Harbor Capital Advisors, Inc.
One SeaGate
Toledo, Ohio  43666

                          INVESTMENT ADVISORY AGREEMENT
                           (HARBOR GLOBAL EQUITY FUND)

Dear Sirs:

         Harbor Fund (the "Trust") has been organized under the laws of Delaware
to engage in the business of an investment company. The shares of beneficial
interest of the Trust ("Shares") are divided into multiple series, including
Harbor Global Equity Fund (the "Fund"), as established pursuant to a written
instrument executed by the Trustees of the Trust. Series may be terminated, and
additional series established, from time to time by action of the Trustees. The
Trust on behalf of the Fund has selected you to act as the investment adviser of
the Fund and to provide certain other services, as more fully set forth below,
and you are willing to act as such investment adviser and to perform such
services under the terms and conditions hereinafter set forth.
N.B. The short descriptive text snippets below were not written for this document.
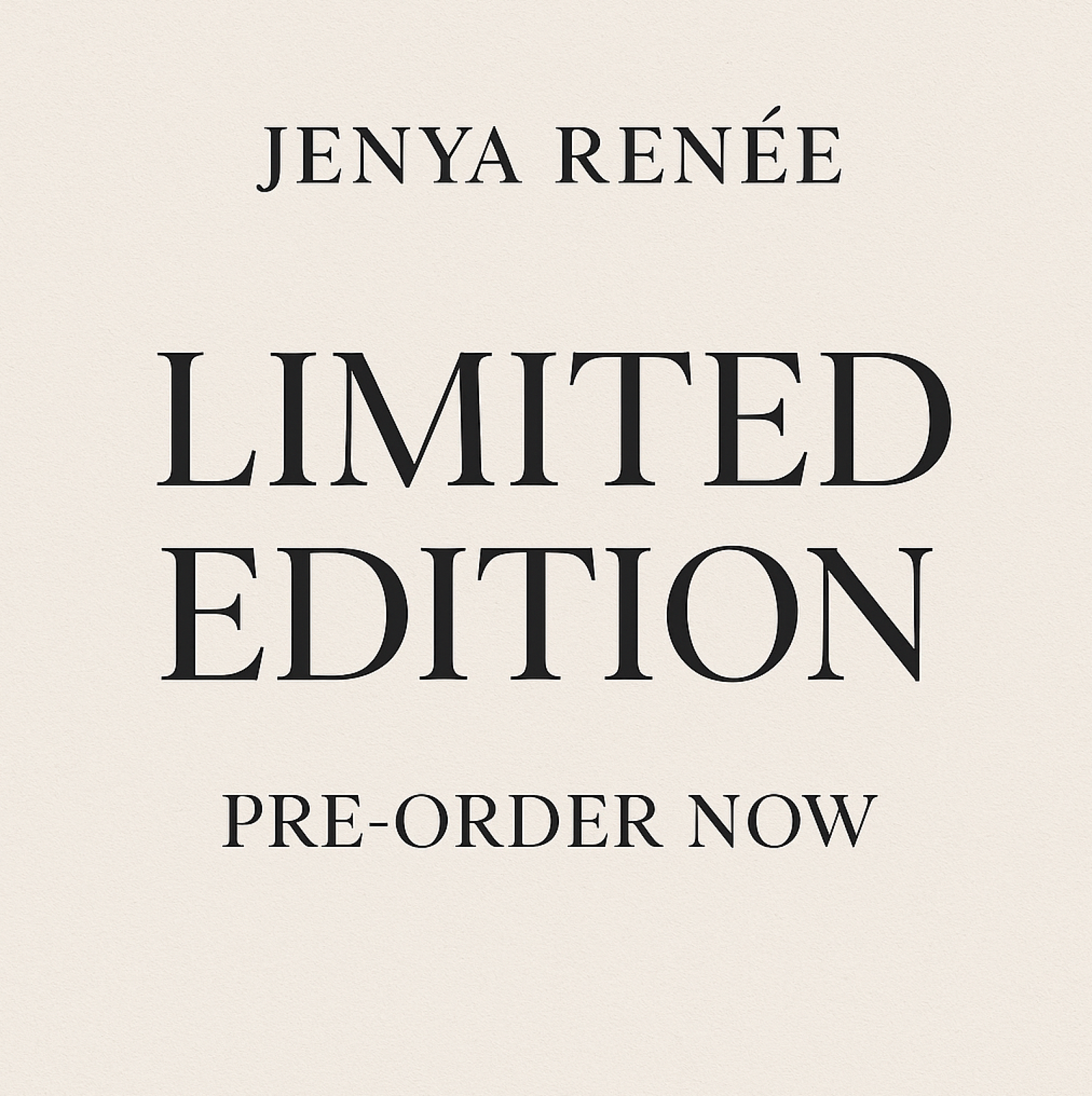 Ella Python Smoky Silver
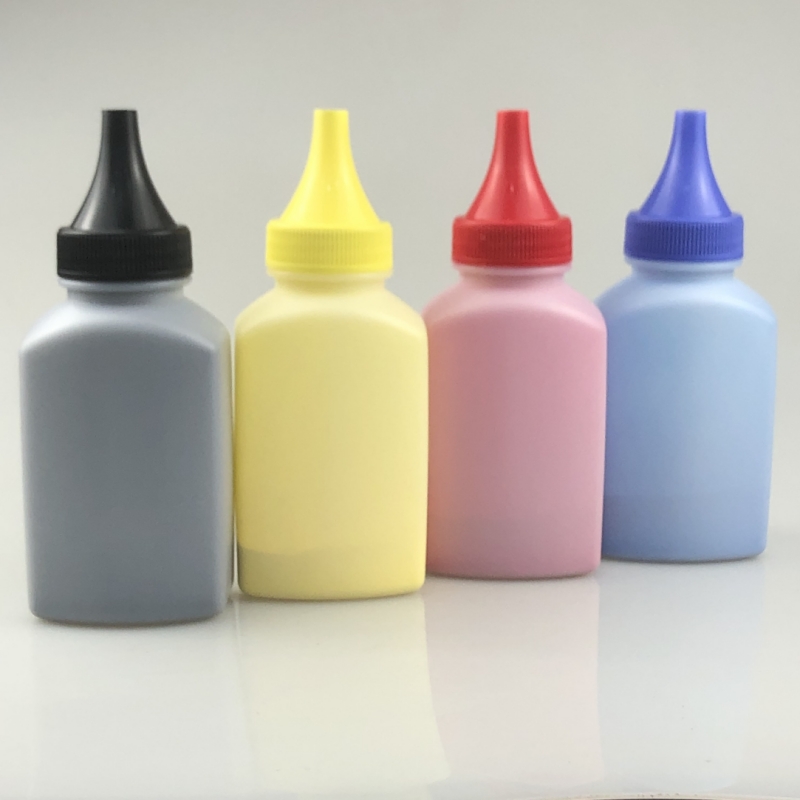 40g/pc Toner Powder For Brothe - огляд і ціна Toner Cartridge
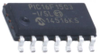 Microcontrollers - 7559449 - RS Components, Ltd.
Accordingly, the
Trust agrees with you as follows:

1.       DELIVERY OF FUND DOCUMENTS: The Trust has furnished you with copies
         properly certified or authenticated of each of the following:

         (a)      Declaration of Trust of the Trust, filed with the Delaware
                  Secretary of State, dated June 8, 1993, as amended from time
                  to time (the "Declaration of Trust").

         (b)      By-Laws of the Trust as in effect on the date hereof.

         (c)      Resolutions of the Trustees selecting you as investment
                  adviser and approving the form of this Agreement.

         The Trust will furnish you from time to time with copies, properly
certified or authenticated, of all amendments of or supplements to the
foregoing, including future resolutions of the Trustees approving the
continuance of the items listed in (c) above.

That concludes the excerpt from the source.